All of lore.kernel.org
 help / color / mirror / Atom feed
From: Mel Gorman <mgorman@suse.de>
To: Andi Kleen <andi@firstfloor.org>
Cc: linux-kernel@vger.kernel.org, linux-mm@kvack.org,
	Andi Kleen <ak@linux.intel.com>
Subject: Re: [PATCH] Add a sysctl for numa_balancing.
Date: Mon, 29 Apr 2013 09:41:13 +0100	[thread overview]
Message-ID: <20130429084113.GI2144@suse.de> (raw)
In-Reply-To: <1366847784-29386-1-git-send-email-andi@firstfloor.org>

On Wed, Apr 24, 2013 at 04:56:24PM -0700, Andi Kleen wrote:
> From: Andi Kleen <ak@linux.intel.com>
> 
> As discussed earlier, this adds a working sysctl to enable/disable
> automatic numa memory balancing at runtime.
> 
> This was possible earlier through debugfs, but only with special
> debugging options set.

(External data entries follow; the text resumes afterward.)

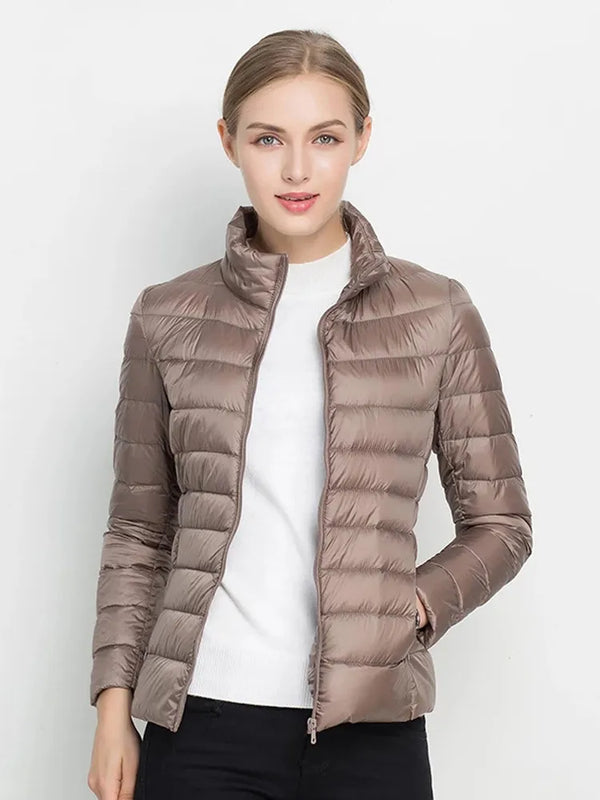 Women's Winter Coat 2023 New Ultra Light White Duck Down slim fit jacket.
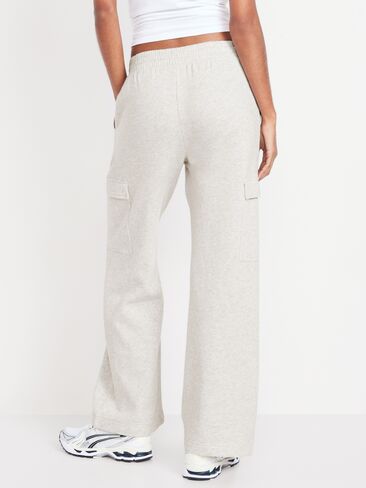 Old Navy High-Waisted SoComfy Cargo Wide-Leg Sweatpants - Light Heather Gray in Saudi Arabia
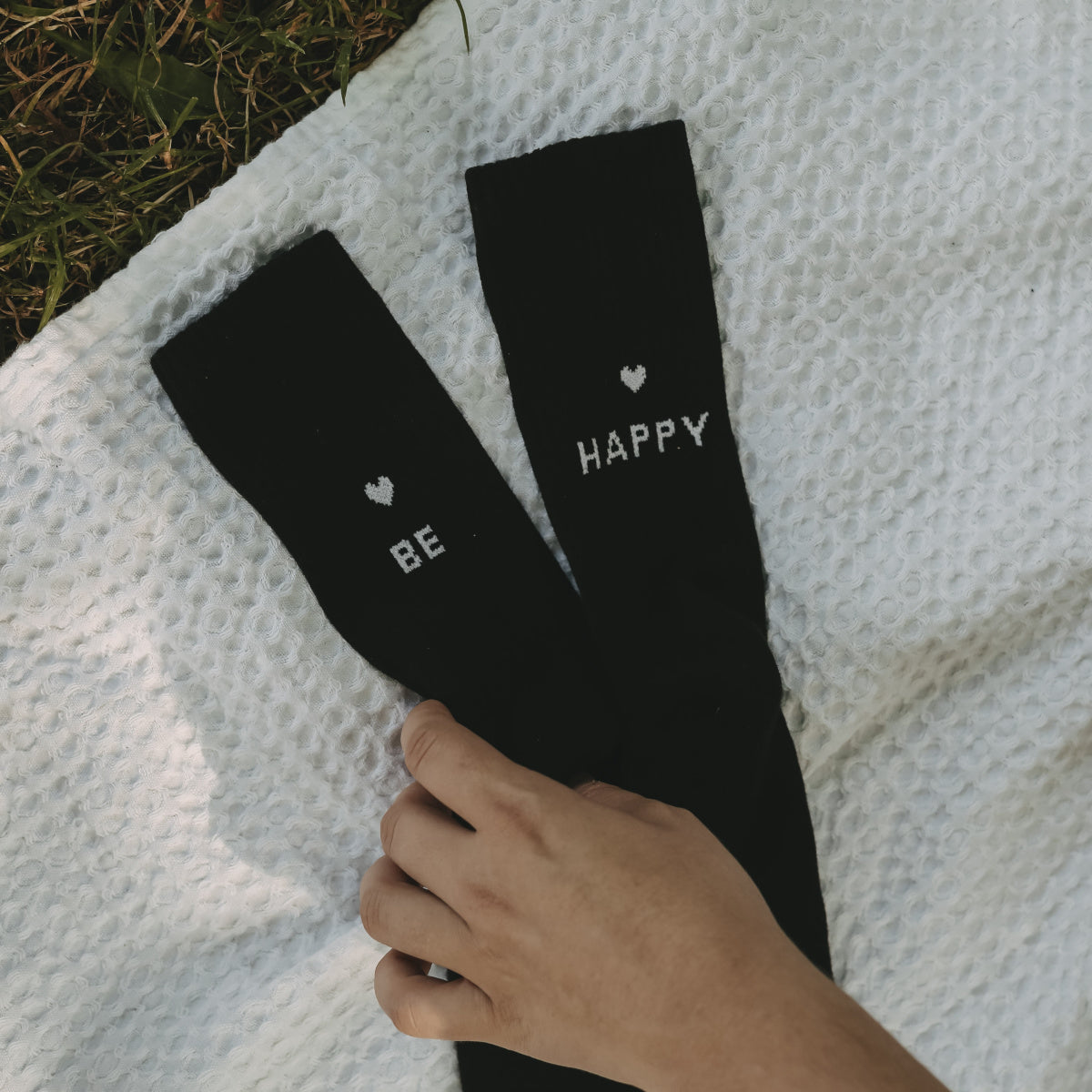 Eulenschnitt Socken be happy schwarz S Gr.35-38 - Produktbild 4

Also fix the boot message.
> 
> Signed-off-by: Andi Kleen <ak@linux.intel.com>

Acked-by: Mel Gorman <mgorman@suse.de>

Would you like to merge the following patch with it to remove the TBD?

---8<---
mm: numa: Document remaining automatic NUMA balancing sysctls

Signed-off-by: Mel Gorman <mgorman@suse.de>
---
 Documentation/sysctl/kernel.txt | 62 +++++++++++++++++++++++++++++++++++++----
 1 file changed, 57 insertions(+), 5 deletions(-)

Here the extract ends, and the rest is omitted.